In May 2015 Science retracted - without consent of the lead author - a paper on how canvassers can sway people’s opinions about gay marriage, see also: http://www.sciencemag.org/news/2015/05/science-retracts-gay-marriage-paper-without-agreement-lead-author-lacour The Science Editor-in-Chief cited as reasons for the retraction that the original survey data was not made available for independent reproduction of results, that survey incentives were misrepresented and that statements made about sponsorships turned out to be incorrect.
The investigation resulting in the retraction was triggered by two Berkeley grad students who attempted to replicate the study and discovered that the data must have been faked.

FiveThirtyEight has published an article with more details on the two Berkeley students’ work.

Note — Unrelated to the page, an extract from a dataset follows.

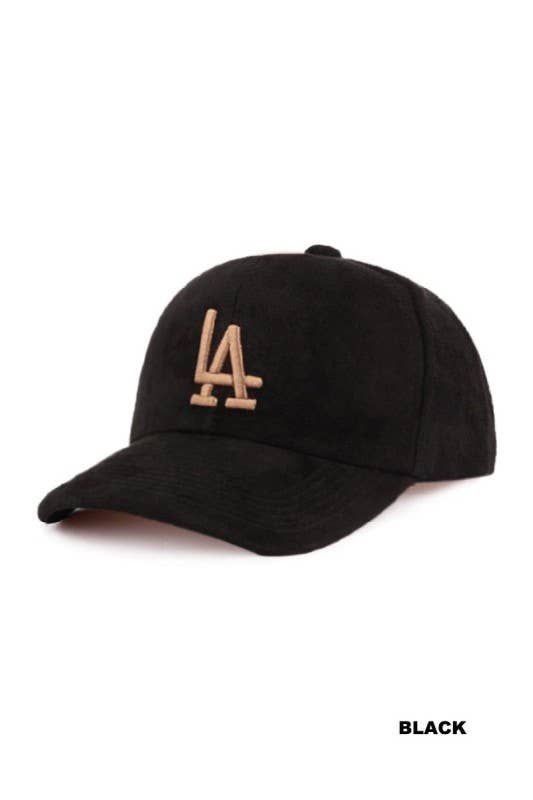 Vanilla Monkey – wholesale Baseballkeps - Dam – La City Logo Classic Suede Baseballkeps4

Malicious changes to the data such as in the LaCour case are hard to prevent, but more rigorous checks should be built into the scientific publishing system. All too often papers have to be retracted for unintended reasons. Retraction Watch is a data base that keeps track of retracted papers (see the related Science magazine publication).

Read the paper Ten Simple Rules for Reproducible Computational Research by Sandve et al.

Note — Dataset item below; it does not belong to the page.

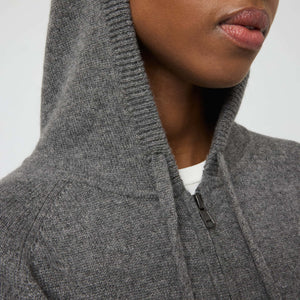 Women's Cashmere Zip Hoodie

Write a blog post addressing the questions:

Pick one of the papers from Retraction Watch that were retracted because of errors in the paper (you might want to pick a paper from the set of featured papers, because there are usually more details available). Describe what went wrong. Would any of the rules by Sandve et al. have helped in this situation?

The article ‘Inhaled Nitric Oxide Protects Cerebral Autoregulation and Reduces Hippocampal Necrosis After Traumatic Brain Injury Through Inhibition of ET-1, ERK MAPK and IL-6 Upregulation in Pigs’ has been retracted. This article has problems with duplicated plots, identical data found in an earlier publication, unclear descriptions of the experiment conducted, and unmatched data of animals reported with the surgical records.

The entire retraction details are as followed:

The Editor-in-Chief has retracted this article on the request of William M. Armstead. An institutional investigation by the University of Pennsylvania found that images in Figures 6A, B, C, E and F duplicate, without attribution, images in earlier publications that reported on different experiments; numerical data, presented in the histogram of Figure 6G, appeared identical to data found in earlier publications [1, 2]. The University notes that the authors were unable to provide raw data supporting the results for Figure 6G; the methodology section of the article did not accurately describe the conduct of the reported experiment; and the number, age or treatment condition of the animals reported did not match the surgical records.

Victor Curvello and William M. Amrstead agree to this retraction. Philip Pastor and Monica S. Vavilala have not responded to any correspondence from the editor or publisher about this retraction.

The following rules might help:

Rule 7: Always Store Raw Data behind Plots. It might help if they can raw data supporting the results for Figure 6G.
Rule 9: Connect Textual Statements to Underlying Results. It might help if they have textual statements for all figures allowing peers to make their own assessment of the claims they make.
Rule 10: Provide Public Access to Scripts, Runs, and Results.

After reading the paper by Sandve et al. describe which rule you are most likely to follow and why, and which rule you find the hardest to follow and will likely not (be able to) follow in your future projects.

Rule 1 is most important to me, but I think Rule 1 is closely related to other rules. Simulations and applications usually are important parts of my research. For simulations, the setting of parameters is essential, and sometimes random seeds (related to Rule 6) might also be needed to reproduce the results that support the conclusion. For applications, the accessibility of original data is important for reproducible results. So providing public access to the input data and code like stating in Rule 10 is also important. And many cleaning steps might be needed for the raw data in the application, so keep track of all details is a golden rule to follow.

I think Rule 8 is hard to follow. Even though it is essential to check the data behind the summarized results, it is hard for the co-authors and readers to generalize useful information from these data. So I think storing raw data behind the plots for reproducing as suggested in Rule 7 or connecting textual statements to underlying results as suggested in Rule 9 is more useful. We might do this for self check, but a hypertext as suggested in this rule seems unnecessary to me.